I am wearing a turtleneck today (a big honking mother-of-all turtlenecks, too), but not for fashion.
No, I’m hiding something.
And unlike the days of late high school/early college, this high-necked sweater isn’t covering any signs of passionate, youthful indiscretion.
Not even close.
It’s hiding a heating pad.
I’m also wearing one on my lower back.
My neck is prone to muscle spasms, and last night, it completely locked up on me. As I moved about the house, careful to avoid actually twisting my neck, instead using the Frankenstein’s monster-style full-body swivel. At a certain point, my back just said “ah, to hell with it” and locked up on its own, hence today’s dual assault of magnetic heating apparatus(es?, i? whatever — do your own damn plural. And get off my lawn).
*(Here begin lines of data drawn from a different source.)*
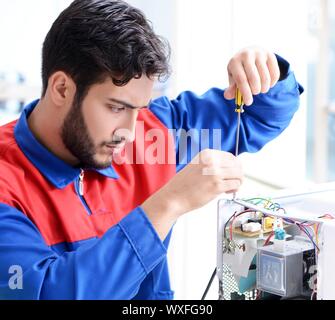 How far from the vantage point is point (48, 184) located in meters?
1.05

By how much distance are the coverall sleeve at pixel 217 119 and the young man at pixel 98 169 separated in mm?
36

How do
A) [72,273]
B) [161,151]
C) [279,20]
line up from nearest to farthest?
[72,273], [161,151], [279,20]

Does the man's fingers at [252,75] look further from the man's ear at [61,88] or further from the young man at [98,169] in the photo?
the man's ear at [61,88]

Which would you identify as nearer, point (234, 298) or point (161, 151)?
point (234, 298)

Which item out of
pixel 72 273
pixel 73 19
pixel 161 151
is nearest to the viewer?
pixel 72 273

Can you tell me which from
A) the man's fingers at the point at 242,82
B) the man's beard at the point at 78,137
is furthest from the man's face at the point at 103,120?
the man's fingers at the point at 242,82

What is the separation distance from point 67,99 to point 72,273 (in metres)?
0.37

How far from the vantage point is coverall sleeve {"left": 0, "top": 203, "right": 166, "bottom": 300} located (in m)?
0.84

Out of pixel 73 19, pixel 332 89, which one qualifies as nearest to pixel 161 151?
pixel 73 19

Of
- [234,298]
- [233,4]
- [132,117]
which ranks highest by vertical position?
[233,4]

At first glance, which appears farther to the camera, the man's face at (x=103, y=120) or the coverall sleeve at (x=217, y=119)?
the coverall sleeve at (x=217, y=119)

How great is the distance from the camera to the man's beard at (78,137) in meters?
1.06

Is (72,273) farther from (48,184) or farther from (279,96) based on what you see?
(279,96)

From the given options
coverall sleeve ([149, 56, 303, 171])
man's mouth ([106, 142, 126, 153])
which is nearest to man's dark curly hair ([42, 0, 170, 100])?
man's mouth ([106, 142, 126, 153]) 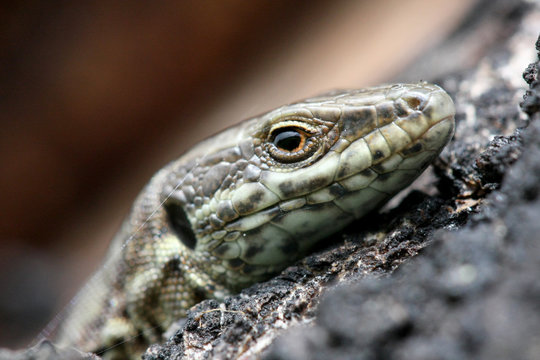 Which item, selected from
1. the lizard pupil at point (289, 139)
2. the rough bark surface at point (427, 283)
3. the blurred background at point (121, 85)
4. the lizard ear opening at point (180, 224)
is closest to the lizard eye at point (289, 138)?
the lizard pupil at point (289, 139)

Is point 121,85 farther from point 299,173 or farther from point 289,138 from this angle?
point 299,173

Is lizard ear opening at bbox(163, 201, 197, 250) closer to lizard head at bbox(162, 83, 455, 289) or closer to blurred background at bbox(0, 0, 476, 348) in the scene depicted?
lizard head at bbox(162, 83, 455, 289)

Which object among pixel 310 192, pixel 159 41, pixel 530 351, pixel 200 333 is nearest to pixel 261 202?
pixel 310 192

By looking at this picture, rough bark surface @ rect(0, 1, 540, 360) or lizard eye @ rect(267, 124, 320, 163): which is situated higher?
lizard eye @ rect(267, 124, 320, 163)

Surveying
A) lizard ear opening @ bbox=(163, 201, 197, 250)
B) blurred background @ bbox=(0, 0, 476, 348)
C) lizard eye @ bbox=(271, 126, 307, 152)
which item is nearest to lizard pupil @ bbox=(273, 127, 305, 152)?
lizard eye @ bbox=(271, 126, 307, 152)

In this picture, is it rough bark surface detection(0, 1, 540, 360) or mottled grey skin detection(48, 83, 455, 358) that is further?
mottled grey skin detection(48, 83, 455, 358)

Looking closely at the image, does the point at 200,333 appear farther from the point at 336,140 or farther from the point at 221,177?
the point at 336,140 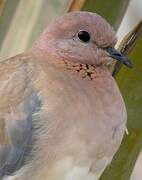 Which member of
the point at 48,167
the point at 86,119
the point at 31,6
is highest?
the point at 31,6

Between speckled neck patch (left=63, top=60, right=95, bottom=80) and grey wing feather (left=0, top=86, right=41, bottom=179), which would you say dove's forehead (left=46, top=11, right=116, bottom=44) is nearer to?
speckled neck patch (left=63, top=60, right=95, bottom=80)

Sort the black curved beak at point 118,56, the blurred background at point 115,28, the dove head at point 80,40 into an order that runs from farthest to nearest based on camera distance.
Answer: the dove head at point 80,40 → the black curved beak at point 118,56 → the blurred background at point 115,28

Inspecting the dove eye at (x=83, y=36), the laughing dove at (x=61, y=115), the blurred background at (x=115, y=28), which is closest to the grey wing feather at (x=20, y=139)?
the laughing dove at (x=61, y=115)

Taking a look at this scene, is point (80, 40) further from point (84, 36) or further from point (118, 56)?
point (118, 56)

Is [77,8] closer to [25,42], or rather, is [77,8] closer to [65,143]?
[25,42]

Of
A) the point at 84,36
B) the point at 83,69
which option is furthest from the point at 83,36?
the point at 83,69

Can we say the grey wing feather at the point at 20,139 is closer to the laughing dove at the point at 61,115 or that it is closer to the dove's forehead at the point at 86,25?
the laughing dove at the point at 61,115

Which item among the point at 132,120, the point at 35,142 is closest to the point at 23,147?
the point at 35,142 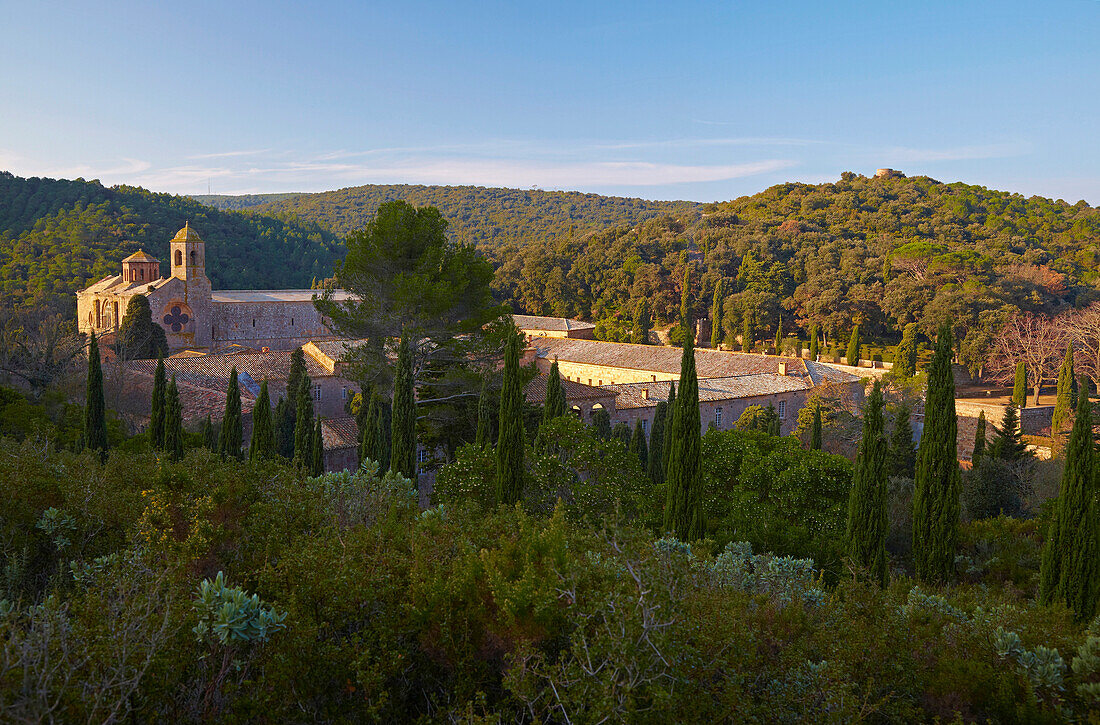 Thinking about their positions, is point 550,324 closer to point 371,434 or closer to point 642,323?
point 642,323

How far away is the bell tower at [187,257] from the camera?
42000mm

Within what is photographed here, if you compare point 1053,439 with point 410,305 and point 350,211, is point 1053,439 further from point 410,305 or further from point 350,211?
point 350,211

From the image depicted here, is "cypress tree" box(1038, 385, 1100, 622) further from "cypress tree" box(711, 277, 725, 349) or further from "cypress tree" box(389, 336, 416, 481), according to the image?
"cypress tree" box(711, 277, 725, 349)

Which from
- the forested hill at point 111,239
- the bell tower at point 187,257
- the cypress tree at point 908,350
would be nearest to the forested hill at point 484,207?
the forested hill at point 111,239

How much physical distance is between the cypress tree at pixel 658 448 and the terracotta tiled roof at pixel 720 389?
4.39 metres

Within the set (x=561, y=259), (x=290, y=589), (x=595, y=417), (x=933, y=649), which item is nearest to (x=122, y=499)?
(x=290, y=589)

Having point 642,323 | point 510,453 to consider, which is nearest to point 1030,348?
point 642,323

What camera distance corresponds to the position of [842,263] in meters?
51.8

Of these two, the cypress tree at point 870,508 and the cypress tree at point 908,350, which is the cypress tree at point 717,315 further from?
the cypress tree at point 870,508

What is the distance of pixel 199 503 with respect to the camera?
5.31 m

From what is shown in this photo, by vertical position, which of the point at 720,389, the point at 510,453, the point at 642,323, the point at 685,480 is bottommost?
the point at 720,389

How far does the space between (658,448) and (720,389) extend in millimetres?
10089

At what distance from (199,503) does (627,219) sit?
11846 cm

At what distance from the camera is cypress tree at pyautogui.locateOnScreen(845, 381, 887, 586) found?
1140 centimetres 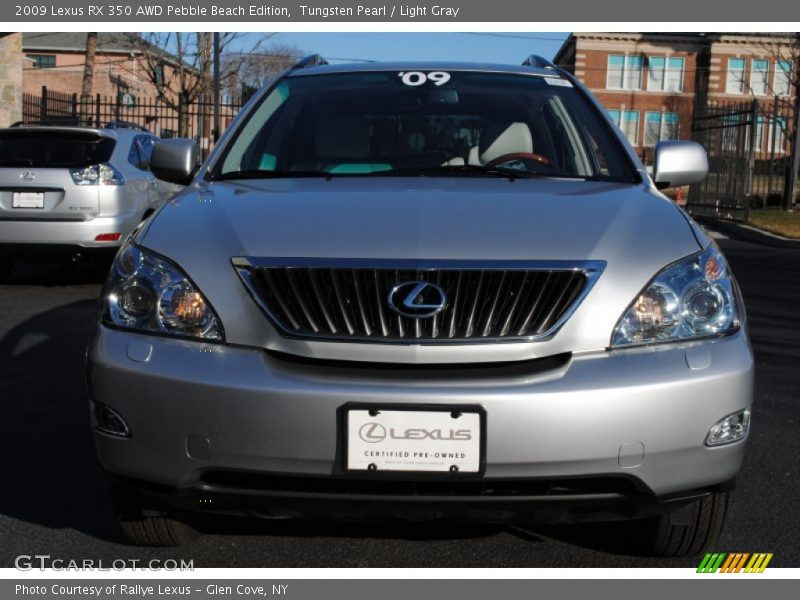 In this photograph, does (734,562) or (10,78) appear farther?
(10,78)

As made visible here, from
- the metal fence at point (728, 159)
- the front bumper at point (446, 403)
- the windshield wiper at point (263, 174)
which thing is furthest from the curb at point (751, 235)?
the front bumper at point (446, 403)

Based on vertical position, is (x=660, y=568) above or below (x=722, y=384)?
below

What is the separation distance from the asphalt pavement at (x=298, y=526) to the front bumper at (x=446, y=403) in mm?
617

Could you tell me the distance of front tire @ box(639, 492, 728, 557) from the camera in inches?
121

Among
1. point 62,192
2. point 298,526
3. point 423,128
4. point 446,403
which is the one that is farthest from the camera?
point 62,192

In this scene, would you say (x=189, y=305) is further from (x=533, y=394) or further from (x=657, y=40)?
(x=657, y=40)

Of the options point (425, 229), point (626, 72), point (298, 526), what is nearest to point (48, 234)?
point (298, 526)

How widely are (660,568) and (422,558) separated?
0.73m

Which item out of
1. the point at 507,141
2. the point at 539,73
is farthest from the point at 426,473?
the point at 539,73

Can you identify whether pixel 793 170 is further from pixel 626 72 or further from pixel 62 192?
pixel 626 72

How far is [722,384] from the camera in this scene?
271cm

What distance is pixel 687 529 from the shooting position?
3.14 meters

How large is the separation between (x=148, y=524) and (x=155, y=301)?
2.49 feet

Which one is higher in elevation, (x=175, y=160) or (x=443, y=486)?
(x=175, y=160)
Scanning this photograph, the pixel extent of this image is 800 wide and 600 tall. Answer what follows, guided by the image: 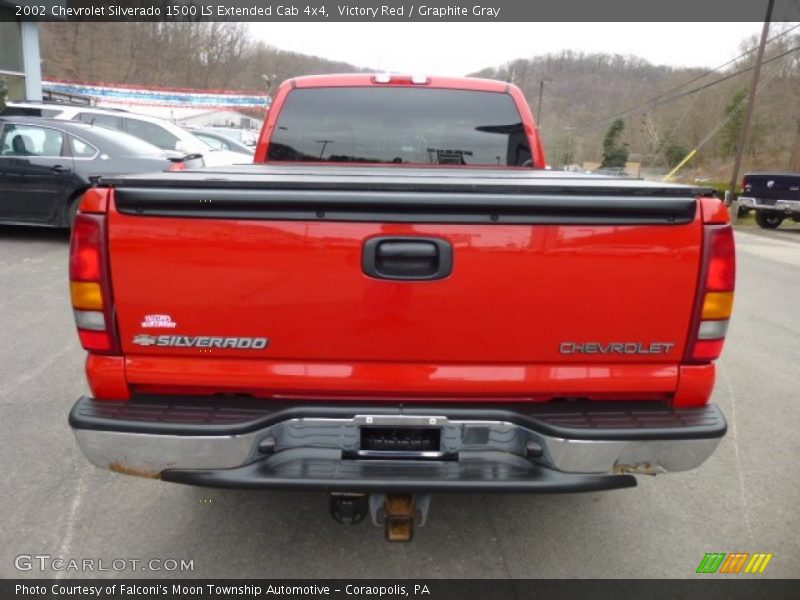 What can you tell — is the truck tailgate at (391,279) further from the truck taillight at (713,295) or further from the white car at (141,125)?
the white car at (141,125)

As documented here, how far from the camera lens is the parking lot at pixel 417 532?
2.61 metres

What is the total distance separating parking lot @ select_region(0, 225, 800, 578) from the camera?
8.55 ft

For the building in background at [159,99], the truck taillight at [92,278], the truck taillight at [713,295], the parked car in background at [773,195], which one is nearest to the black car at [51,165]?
the truck taillight at [92,278]

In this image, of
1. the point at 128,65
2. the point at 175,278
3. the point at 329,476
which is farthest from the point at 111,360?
the point at 128,65

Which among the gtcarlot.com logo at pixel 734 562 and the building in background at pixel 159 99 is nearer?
the gtcarlot.com logo at pixel 734 562

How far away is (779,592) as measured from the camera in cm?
251

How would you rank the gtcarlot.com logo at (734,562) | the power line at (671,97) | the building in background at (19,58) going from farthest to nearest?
the power line at (671,97), the building in background at (19,58), the gtcarlot.com logo at (734,562)

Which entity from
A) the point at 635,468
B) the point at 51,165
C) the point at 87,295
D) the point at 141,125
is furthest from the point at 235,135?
the point at 635,468

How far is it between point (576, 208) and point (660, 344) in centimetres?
58

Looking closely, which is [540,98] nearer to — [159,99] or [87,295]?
[159,99]

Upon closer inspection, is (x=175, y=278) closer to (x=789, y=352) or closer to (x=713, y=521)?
(x=713, y=521)

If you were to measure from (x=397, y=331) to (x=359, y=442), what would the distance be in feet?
1.34

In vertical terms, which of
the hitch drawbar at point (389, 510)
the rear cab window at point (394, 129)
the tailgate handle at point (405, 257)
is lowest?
the hitch drawbar at point (389, 510)

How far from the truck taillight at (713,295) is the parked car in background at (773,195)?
691 inches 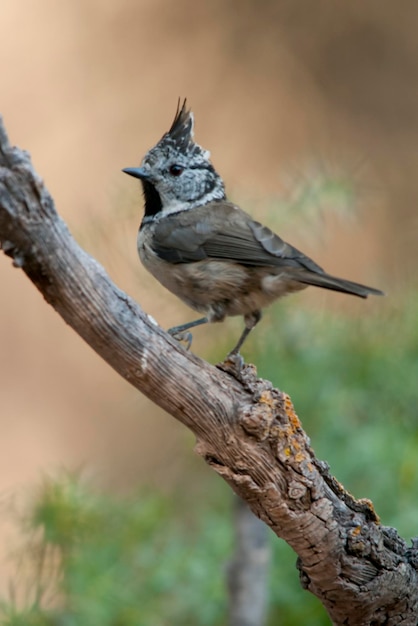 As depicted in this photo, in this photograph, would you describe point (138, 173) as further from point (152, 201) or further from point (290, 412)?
point (290, 412)

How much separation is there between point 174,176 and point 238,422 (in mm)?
1275

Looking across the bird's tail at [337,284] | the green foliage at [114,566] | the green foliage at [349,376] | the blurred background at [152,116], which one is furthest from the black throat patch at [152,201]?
the blurred background at [152,116]

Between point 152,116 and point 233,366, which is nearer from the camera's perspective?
point 233,366

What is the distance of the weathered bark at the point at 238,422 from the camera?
2004mm

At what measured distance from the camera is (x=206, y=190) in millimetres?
3408

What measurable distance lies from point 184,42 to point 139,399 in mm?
2947

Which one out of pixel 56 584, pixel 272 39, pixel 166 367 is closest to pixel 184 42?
pixel 272 39

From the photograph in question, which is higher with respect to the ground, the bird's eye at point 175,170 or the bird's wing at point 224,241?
the bird's eye at point 175,170

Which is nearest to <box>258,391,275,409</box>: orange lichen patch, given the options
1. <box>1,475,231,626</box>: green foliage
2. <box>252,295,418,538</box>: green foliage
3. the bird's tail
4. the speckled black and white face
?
the bird's tail

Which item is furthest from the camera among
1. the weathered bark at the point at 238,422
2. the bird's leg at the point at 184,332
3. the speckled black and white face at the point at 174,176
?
the speckled black and white face at the point at 174,176

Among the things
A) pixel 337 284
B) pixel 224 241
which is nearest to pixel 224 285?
pixel 224 241

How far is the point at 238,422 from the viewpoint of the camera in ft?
7.53

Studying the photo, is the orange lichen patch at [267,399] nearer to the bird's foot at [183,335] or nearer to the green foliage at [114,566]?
the bird's foot at [183,335]

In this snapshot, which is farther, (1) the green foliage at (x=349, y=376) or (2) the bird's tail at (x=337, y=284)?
(1) the green foliage at (x=349, y=376) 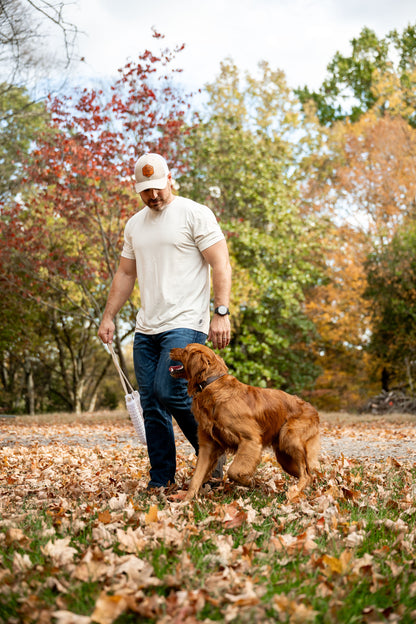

I’m only 33. I shouldn’t feel like this. I’m not that old. I’m younger than, say, Dikembe Motumbo and Mickey Rooney. I did, however, realize that I’m older than the combined ages of four-fifths of the boys in my church’s youth group class I co-lead with one Daniel-Taylor Wells.
This is not good.
That’s the same age of Jesus at the time of his death, so that doesn’t bode well, particularly when I occassionally have a god complex. I’m yet to have piercing pain in my side, hands or feet, though.
I’m probably old enough to realize that might be borderline blasphemous. I’ll determine that later.
In the meantime, if you’ll excuse me, I have stories to watch.